Keep going, I know it's tough... but you are doing SO well, and I'm proud of you. Don't give up, we're here every single step of the way x
I'm glad that your mum is back, it must be a relief having her here, even though the front goes on sometimes which can happen. Maybe when she settles in from her trip you'll be less likely to use the front?
I know things are hard now, but I do believe it is worth it to keep fighting. Even if it seems hypotcritical for me to be saying, we're both sitting here posting for support which means we want to get through this, at least on some level, and that I believe is real. This feeling of being big you have, that is distorted because you're actually underweight, and the feelings of hopelessness and such that come with depression are those same types of distortions. They are the thoughts that need to be challenged.
Don't listen to them. Don't give up, please. Keep posting xxx
Thanks for responding. I know things are really tough for you at the moment.
It is a relief to have her home. Yeah I think I was trying to be upbeat because of the trip.
Thanks I suppose part of me definitely does want to keep fighting. But the other part really doesn't. It wants to give in, the pain is too much. I guess I have to keep fighting my way through even when all I want to do is escape the pain.
How are you doing today? I hope your appointment with your specialist when well. Have been thinking of you, glad to see you online tonight and if you're up to it, let us know how you went today. Here for you x
I know how it feels when the pain feels so heavy it feels like you don't want to go on, but it won't always be this intense and it will be worth it. You can do this, I have faith in you.
The appointment with the specialist was really hard, really hard. He looked through Cricket's (one of my alters) book which is full of drawings and writings about abuse, torture and child prostitution, porn and worse. I was sitting there as he was reading it having all the images flash through my head. I was totally overwhelmed. But it gave him a lot of insight. He is now going to have a discussion with my Dr/T about it all and my treatment.
Today has been quite hard too. Just lots of memories and flashbacks.
Thank you for having faith in me. I hope it's worth it. It doesn't feel it.
And I don't know when I'm being discharged... Which is making me feel unsteady. I'm totally sick of hospital, I've been in for weeks and weeks. But I don't know that we'll/I'll be safe at home. Mum is really worried about me coming home too. But I don't want to stay in hospital, I want to go home.

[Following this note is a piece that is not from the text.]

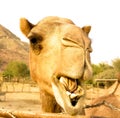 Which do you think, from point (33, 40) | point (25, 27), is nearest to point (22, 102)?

I suppose I am fighting pretty hard. You're right, that's all I can do.
You are right too about all the battles I've fought in the past and got through. I don't want them to be futile. I just feel so overwhelmed. With absolutely everything. The DID can be very very frightening sometimes, particularly at the moment. I just want it to stop, everything to stop.
I'm not allowed to talk to the staff about any trauma stuff (Dr/T's rule) so all they can do is try and distract me, help keep me grounded and check on me. Which isn't so helpful at times.
Thanks Casey, things are pretty rough. I really hope you are ok.
Already had a flashback. I hate them.
Don't want my sustagen. Feel huge. Enormous.
My hand and wrist are really hurting. I'm too afraid to tell the nurses there's been more damage in case I get sent to public. I'm in quite a bit of pain though. I don't want to be here today. I really don't. It doesn't feel worth it today.
Sorry I haven't been around. I'm really sorry to hear you are struggling. Is there any way you could tell someone about the damage? If you were sent public would it be only for a short while? (I have been in a private hospital, was sent public, but allowed back when the risk had subdued).
You don't need to apologise at all. I know you're struggling, please don't give up though. I wish you'd believe me when I say you're clearly not huge but I know it isn't that simple. Remember though, you're being given the sustagen because you're undwerweight... not huge.
Thinking of you. Let us know how you got on today.